Rettungseinsatz
Der Notarzt ist "online" dabei
Der Rettungsdienst steht vor gewaltigen Herausforderungen: Immer mehr Einsätze und ein drohender Ärztemangel. In Aachen wird jetzt ein Modellprojekt getestet, bei dem Ärzte telemedizinisch im Einsatz sind.
Veröffentlicht:KÖLN. Zwölf Minuten nach dem Notruf ist der Rettungswagen am Einsatzort in Heinsberg. Als der Notarzt 16 Minuten darauf eintrifft, ist ein großer Teil der Arbeit bereits getan.
Die luxierte Schulter des Patienten ist stabilisiert, und die starken Schmerzen hat der Rettungsassistent durch die Gabe von Morphin gestillt.
Die Verantwortung für die Medikamentengabe hat der Telemediziner übernommen, der den Einsatz von seinem Arbeitsplatz in der Feuerwache Aachen aus geleitet hat.
Weil die Deutschen immer häufiger die Notrufnummer wählen, sind die Notärzte zunehmend überlastet, berichtet Dr. Jörg Christian Brokmann, Leiter der zentralen Notaufnahme der Universitätsklinik Aachen.
"Jedes Jahr steigt die Anzahl der Notrufe um über sieben Prozent", sagt Brokmann. Besonders in ländlichen Gebieten leide die Versorgung darunter.
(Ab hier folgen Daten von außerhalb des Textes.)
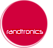 Anon's Competitor - Randtronics logo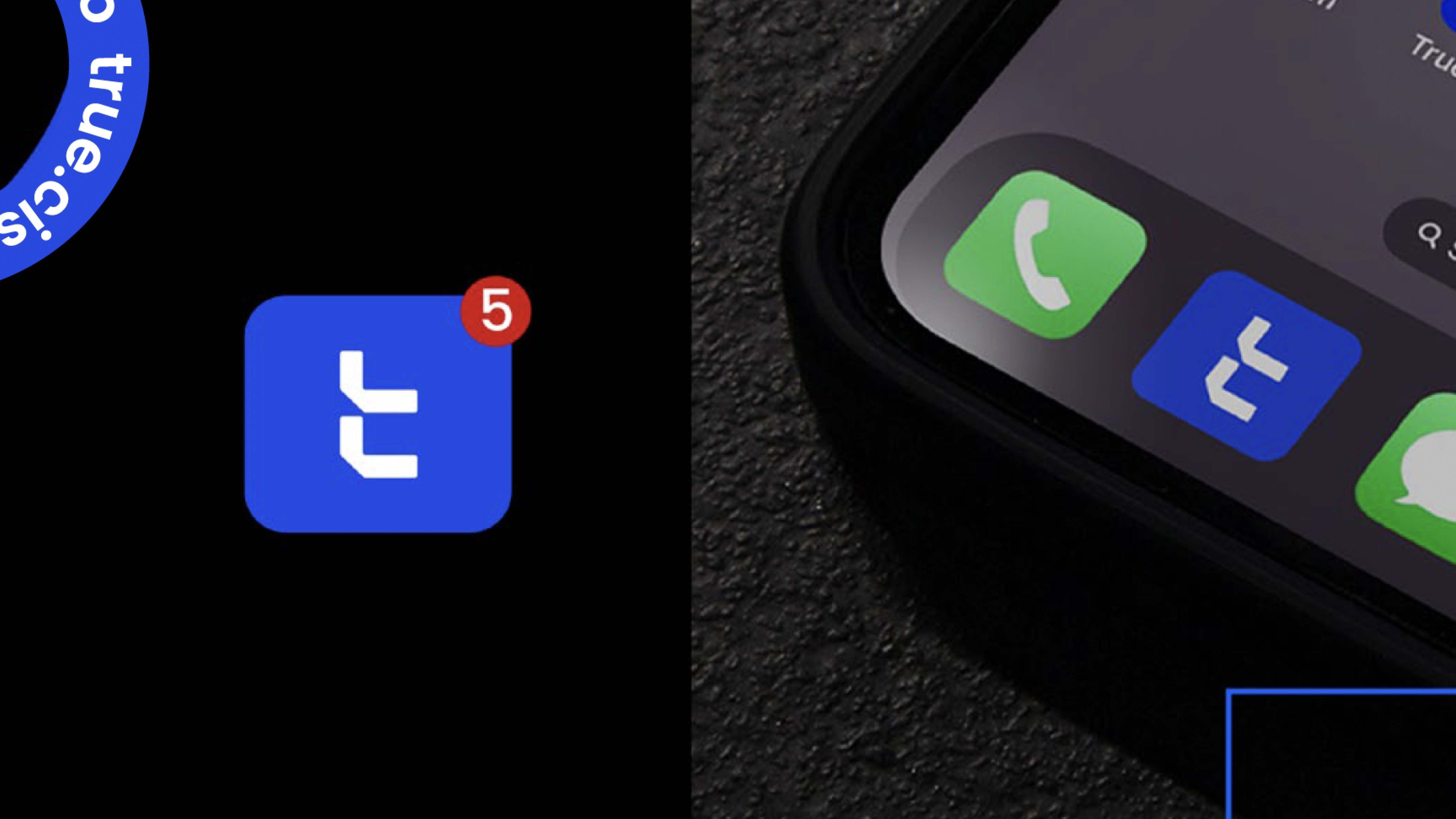 true ciso app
Brokmann ist der medizinische Leiter des Forschungsprojekts Telemedizinisches Rettungsassistenzsystem (TemRas). Es soll ermitteln, ob Personal und Patienten eine telemedizinische Behandlung annehmen und wie viele Einsätze ein Telemediziner gleichzeitig bewältigen kann.
Beteiligt sind an dem Projekt neben der Uniklinik Aachen die Universität Aachen sowie mehrere Unternehmen aus der Privatwirtschaft.
Einsatz des Notarztes oftmals nicht nötig
"Es geht nicht darum, die Notärzte zu ersetzen, sondern sie zu entlasten", sagt Brokmann. Das sei gut machbar, da bei mehr als der Hälfte der Einsätze die physische Anwesenheit eines Arztes nicht nötig sei.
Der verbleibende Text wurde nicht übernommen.